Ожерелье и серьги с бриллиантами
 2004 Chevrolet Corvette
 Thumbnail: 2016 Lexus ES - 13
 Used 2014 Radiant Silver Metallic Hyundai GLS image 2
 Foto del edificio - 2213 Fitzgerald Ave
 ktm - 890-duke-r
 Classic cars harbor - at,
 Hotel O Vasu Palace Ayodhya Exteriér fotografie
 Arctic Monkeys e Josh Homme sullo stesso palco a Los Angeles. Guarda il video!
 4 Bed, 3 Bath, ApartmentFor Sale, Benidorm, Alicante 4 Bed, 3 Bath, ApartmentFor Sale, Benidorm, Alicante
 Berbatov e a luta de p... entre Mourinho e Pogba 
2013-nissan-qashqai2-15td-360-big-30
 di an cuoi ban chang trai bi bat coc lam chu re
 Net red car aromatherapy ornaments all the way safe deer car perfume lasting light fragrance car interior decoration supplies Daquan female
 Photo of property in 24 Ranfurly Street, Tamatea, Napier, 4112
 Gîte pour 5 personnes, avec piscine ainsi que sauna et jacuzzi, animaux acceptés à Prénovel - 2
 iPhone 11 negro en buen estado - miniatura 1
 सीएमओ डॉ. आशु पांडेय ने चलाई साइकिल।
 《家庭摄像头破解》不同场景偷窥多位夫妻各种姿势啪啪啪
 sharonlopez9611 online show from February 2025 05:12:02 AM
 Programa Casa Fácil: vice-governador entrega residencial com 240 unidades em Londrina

(Your instructions):
Print out the whole listing exactly as it appears.

(Reply to the exercise):
Ожерелье и серьги с бриллиантами
 2004 Chevrolet Corvette
 Thumbnail: 2016 Lexus ES - 13
 Used 2014 Radiant Silver Metallic Hyundai GLS image 2
 Foto del edificio - 2213 Fitzgerald Ave
 ktm - 890-duke-r
 Classic cars harbor - at,
 Hotel O Vasu Palace Ayodhya Exteriér fotografie
 Arctic Monkeys e Josh Homme sullo stesso palco a Los Angeles. Guarda il video!
 4 Bed, 3 Bath, ApartmentFor Sale, Benidorm, Alicante 4 Bed, 3 Bath, ApartmentFor Sale, Benidorm, Alicante
 Berbatov e a luta de p... entre Mourinho e Pogba 
2013-nissan-qashqai2-15td-360-big-30
 di an cuoi ban chang trai bi bat coc lam chu re
 Net red car aromatherapy ornaments all the way safe deer car perfume lasting light fragrance car interior decoration supplies Daquan female
 Photo of property in 24 Ranfurly Street, Tamatea, Napier, 4112
 Gîte pour 5 personnes, avec piscine ainsi que sauna et jacuzzi, animaux acceptés à Prénovel - 2
 iPhone 11 negro en buen estado - miniatura 1
 सीएमओ डॉ. आशु पांडेय ने चलाई साइकिल।
 《家庭摄像头破解》不同场景偷窥多位夫妻各种姿势啪啪啪
 sharonlopez9611 online show from February 2025 05:12:02 AM
 Programa Casa Fácil: vice-governador entrega residencial com 240 unidades em Londrina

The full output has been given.